OUTRAGEOUSLY LARGE NEURAL NETWORKS THE SPARSELY-GATED MIXTURE-OF-EXPERTS LAYER (2017)
August 1, 2025Increasing a model’s number of parameters enhances its capacity to learn complex patterns, but it also raises computational costs. OUTRAGEOUSLY LARGE NEURAL NETWORKS: THE SPARSELY-GATED MIXTURE-OF-EXPERTS LAYER (MoE) introduces a method to scale model capacity efficiently by using a gating network that dynamically selects a sparse subset of feed-forward networks (called experts) for each input, while skipping computation for the others.
For a given input \(x\), let \(G(x)\) denote the output of the gating network, and \(E_i(x)\) represent the output of the \(i\)-th expert. The MoE layer produces its output (y) as a weighted sum of the selected experts’ outputs: $$ y=\sum^n_{i=1}G(x)_iE_i(x) $$ Here, \(G(x)\) is a sparse vector of size \(n\), where only \(k\) elements are positive (less than 1), and the rest are zero. Since the unselected experts contribute nothing to \(y\), only \(k\) experts need to be evaluated, which significantly reduces computation.
The gating network computes \(G(x)\) using two trainable parameters: \(W_g\), which determines expert selection, and \(W_{noise}\), which injects controlled noise to promote balanced usage of experts: $$ \begin{align*} G(x)&=\text{Softmax}(\text{KeepTopK}(H(x), k))\\ H(x)_i&=(x\cdot W_g)_i + \text{StandardNormal()}\cdot \text{Softplus}((x\cdot W_{\text{noise}})_i)\\ \text{KeepTopK}(v,k)_i&= \begin{cases} v_i&\text{if }v_i \text{ is in the top }k\text{ elements of }v\\ -\infty&\text{otherwise} \end{cases} \end{align*} $$
An imbalanced selection of experts leads to inefficient computation and underutilization of model capacity. To encourage balanced expert usage, two auxiliary loss terms are introduced: \(L_{\text{importance}}(X)\) and \(L_{\text{load}}(X)\).
The importance loss encourages equal contribution from all experts. Given a batch \(X\), the importance of each expert is the sum of its gate activations: $$ \begin{align*} \text{Importance}(X)&=\sum_{x\in X}G(x)\\ L_{\text{importance}}(X)&=w_{\text{importance}}\cdot \textit{CV}(\text{Importance}(X))^2 \end{align*} $$ where \(\text{CV}\) denotes the coefficient of variation (standard deviation divided by mean), and \(w_{\text{importance}}\) is a hand-tuned scaling factor.
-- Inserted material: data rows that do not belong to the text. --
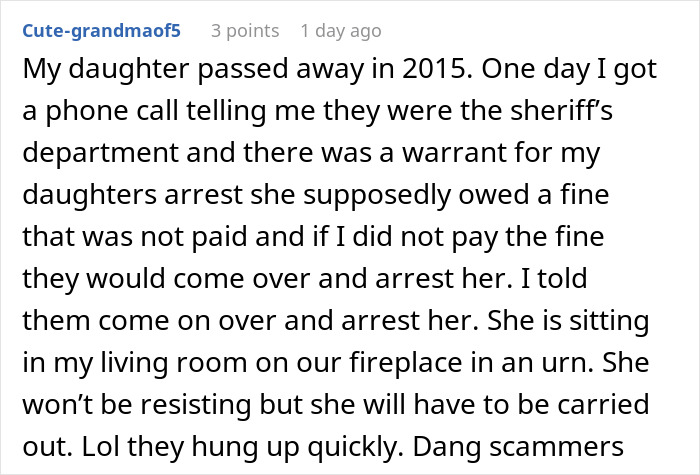 Woman Brings Out Her Husband's Ashes And Bursts Into Tears After Rude Guy's Demands Woman Brings Out Her Husband's Ashes And Bursts Into Tears After Rude Guy's Demands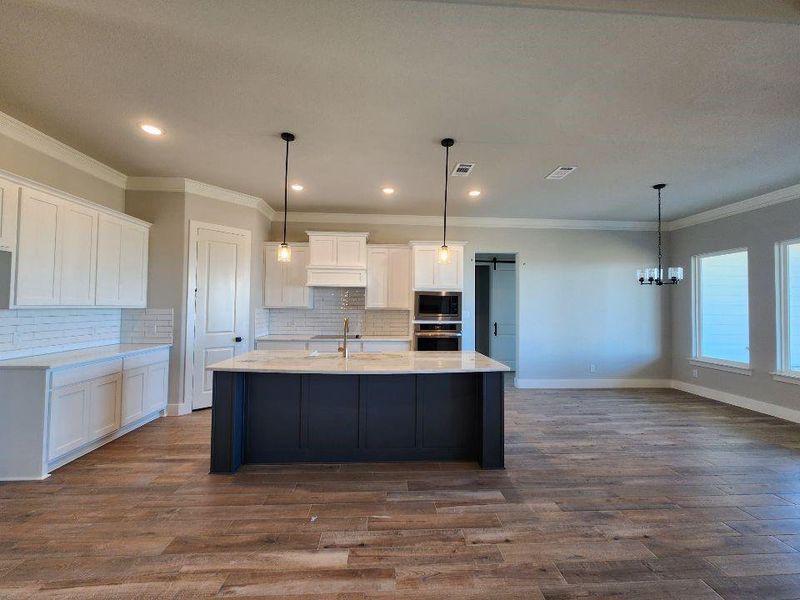 Furnished interior view inside a new home in Rocky Top, Krum (Image 7).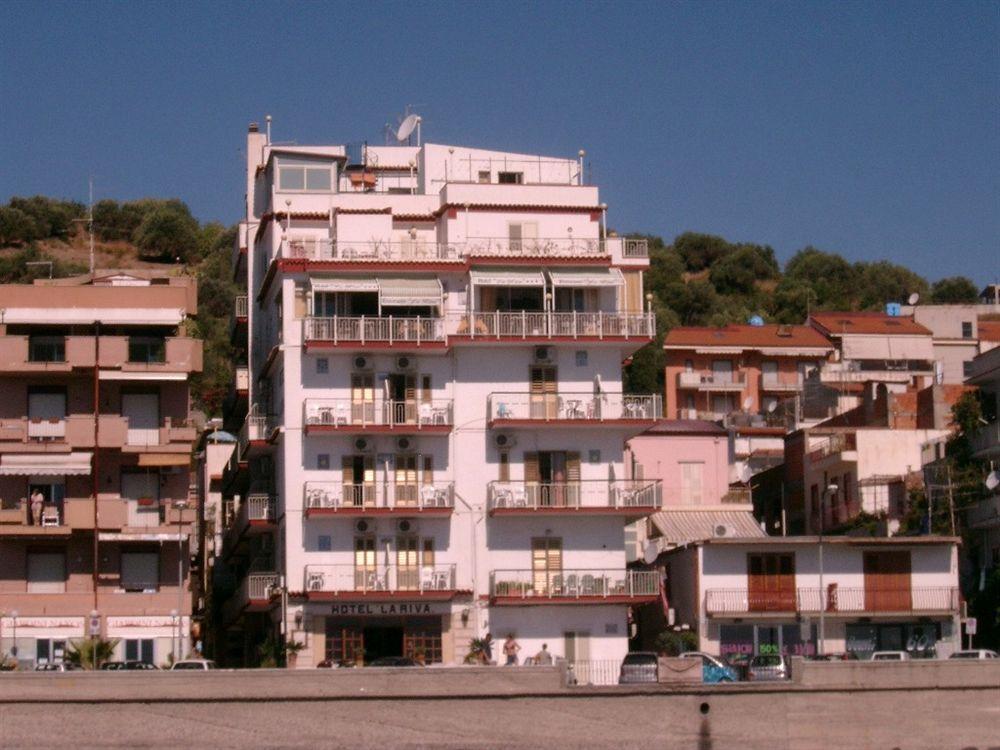 Hotel La Riva Giardini Naxos Exterior photo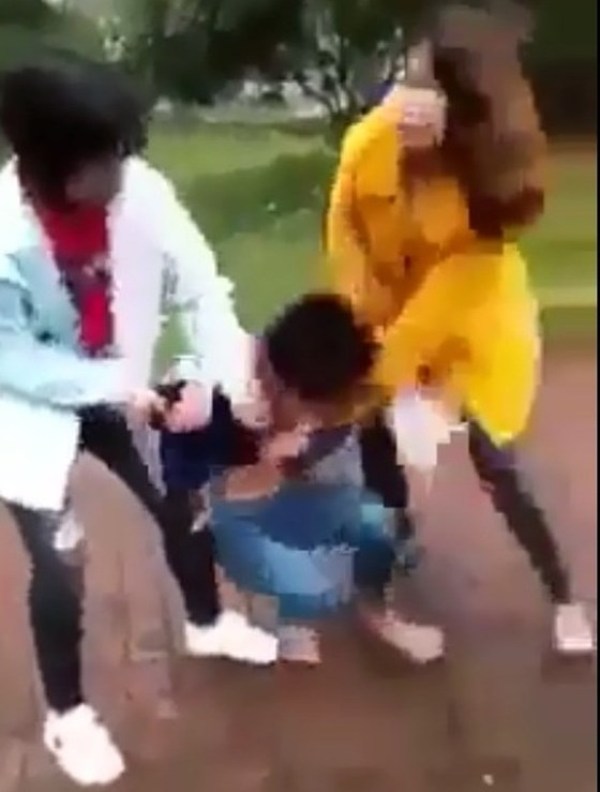 Nữ sinh bị đánh hội đồng, lột đồ rồi quay clip tung lên mạng xã hội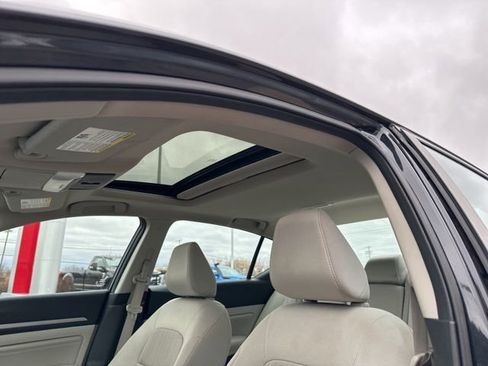 Certified 2021 Nissan Altima 2.5 SV w/ SV Premium Package image 20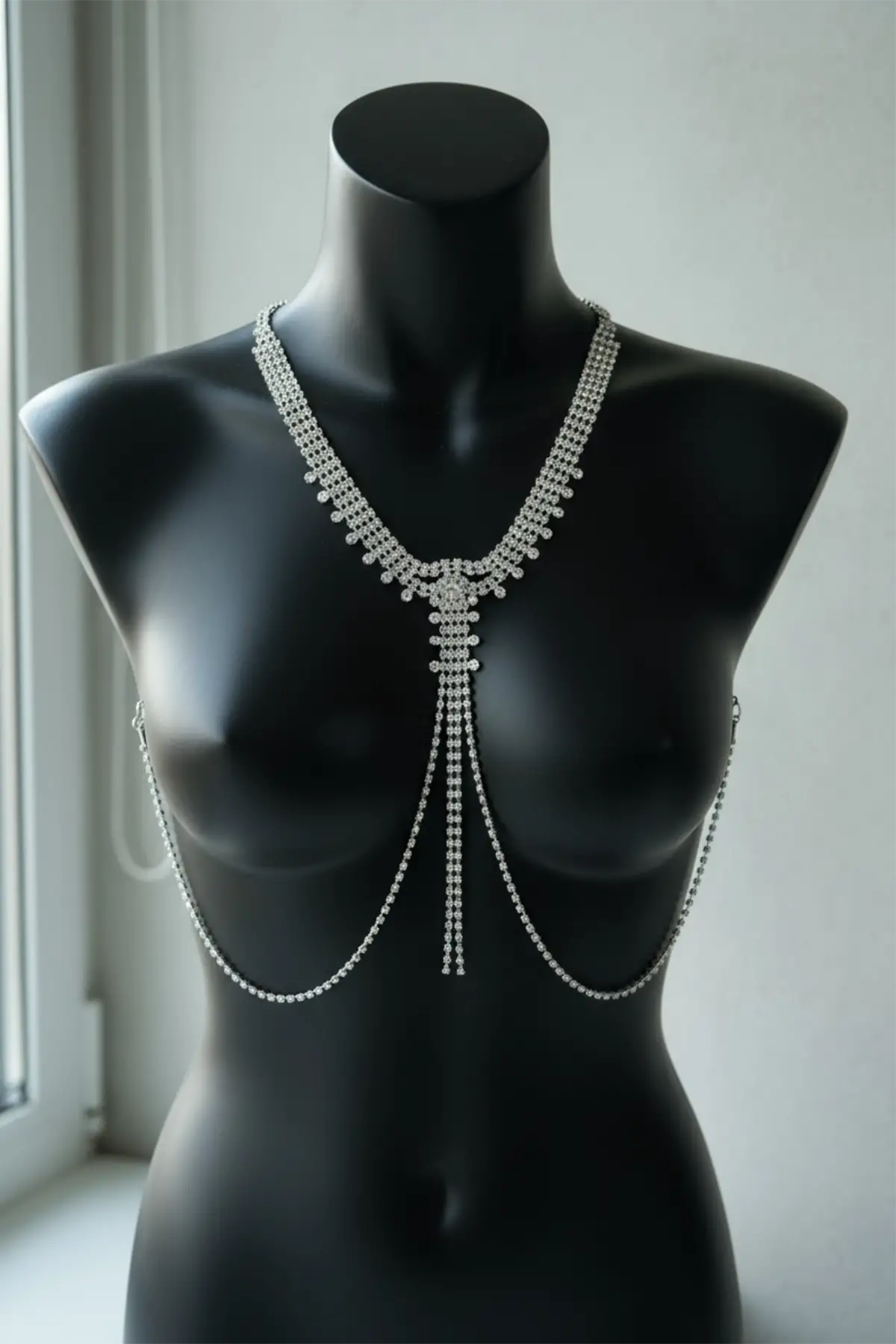 Gümüş Renk Taş Detaylı Vücut Aksesuarı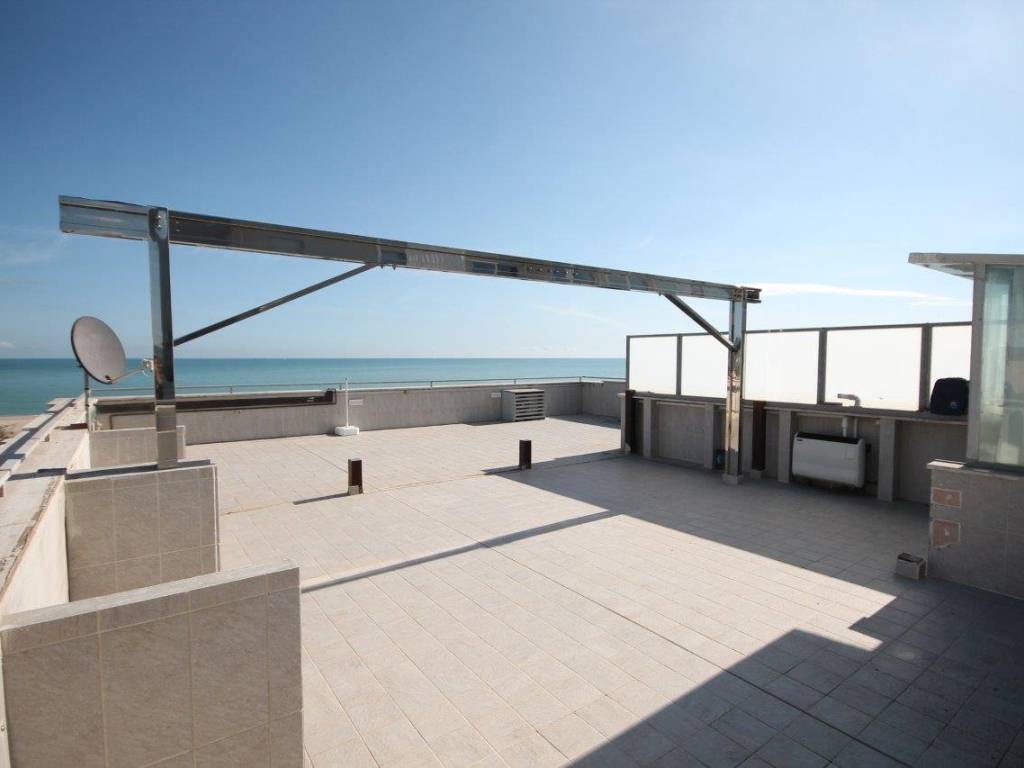 Attico / mansarda a Civitanova marche in Viale Vittorio Veneto, 122 - Foto 3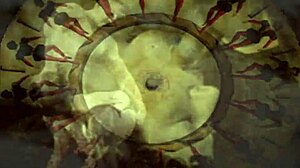 嘿，这些复古色情绘画超级酷！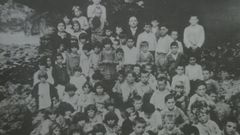 O mestre don Camilo rodeado de nenos e nenas. Ano 1933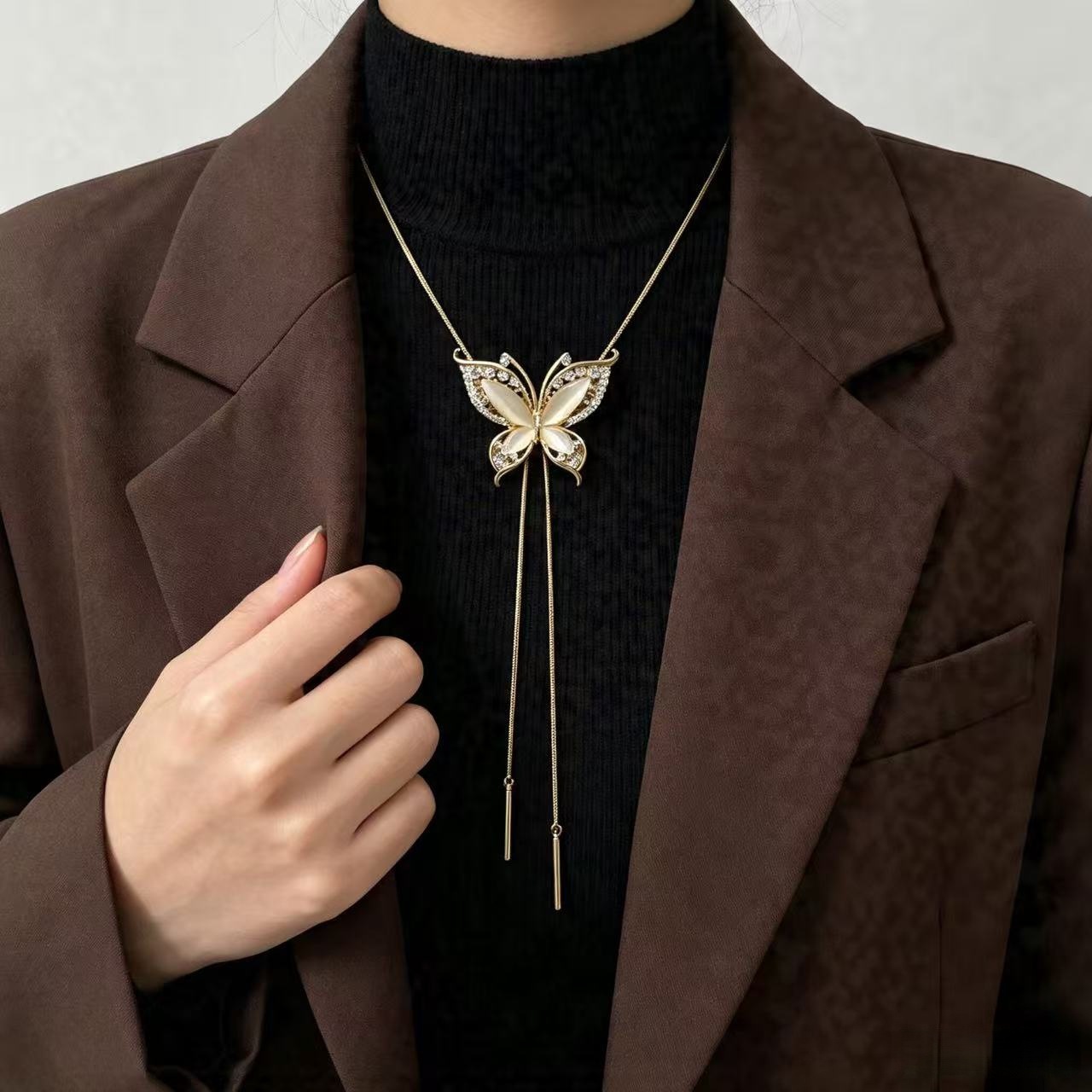 Papillon Cat-Eye Butterfly Sweater Chain 4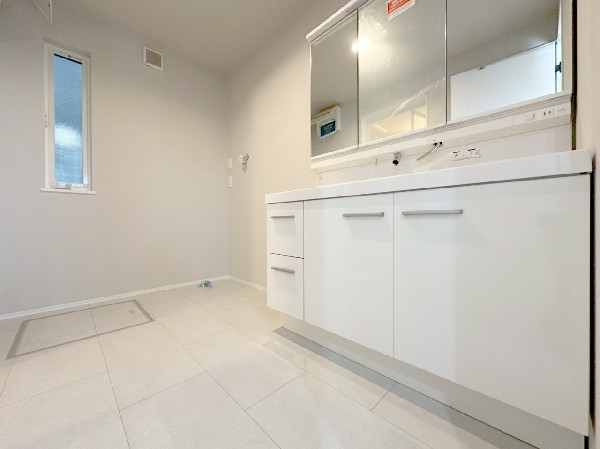 窓から光が入る明るい洗面室はゆったりと広さがあります。毎朝の身支度が気持ちよく出来そうですね。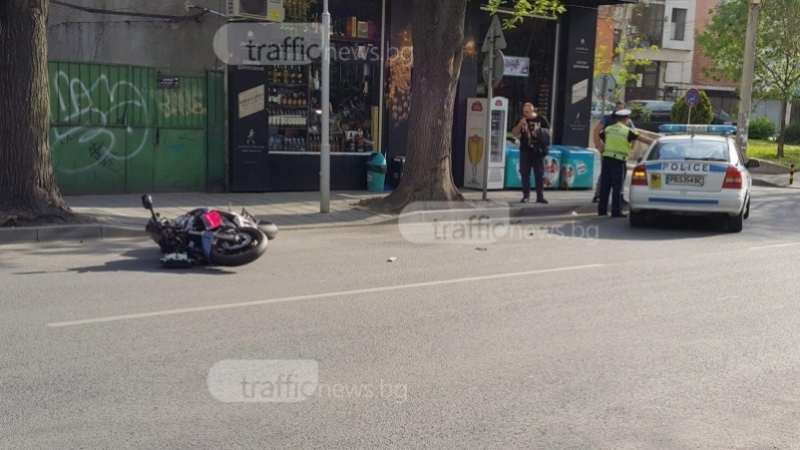 Моторист помете с бясна скорост мъж на пешеходна пътека в Пловдив 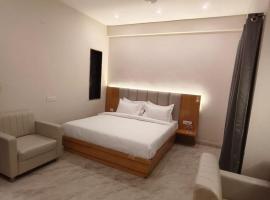 Vilaasitaa Family Suites, hotel v destinaci Indaur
The load loss addresses the imbalance in the number of examples assigned to each expert. Since the number of examples is discrete and non-differentiable, a smooth estimator is used. For each expert \(i\), \(P(x, i)\) represents the probability that \(G(x)_i\) is non-zero, conditioned on the sampled noise: $$ \begin{align*} P(x, i) &=\textit{Pr}\left((x\cdot W_g)_i + \text{StandardNormal}()\cdot \text{Softplus}((x\cdot W_{\text{noise}})_i) > \text{kth\_excluding}(H(x), k, i)\right)\\ &=\Phi\left(\frac{(x\cdot W_g)_i - \text{kth\_excluding}(H(x), k, i)}{\text{Softplus}((x\cdot W_{\text{noise}})_i)}\right)\\ \end{align*} $$ where \(\Phi\) is the cumulative distribution function of the standard normal distribution, and \(\text{kth\_excluding}(v, k, i)\) denotes the \(k\)-th largest element of \(v\) excluding position \(i\).
The load for each expert across a batch \(X\) is then estimated as: $$ \text{Load}(X)_i = \sum_{x\in X} P(x,i) $$
The load loss is defined as: $$ L_{\text{load}}(X)=w_{\text{load}}\cdot\text{CV}(\text{Load}(X))^2 $$ where \(w_{\text{load}}\) is another hand-tuned scaling factor.
By combining sparse gating with these load-balancing loss terms, the MoE layer achieves massive model capacity while keeping computation efficient. This technique enables training models with billions of parameters without a corresponding increase in computational cost.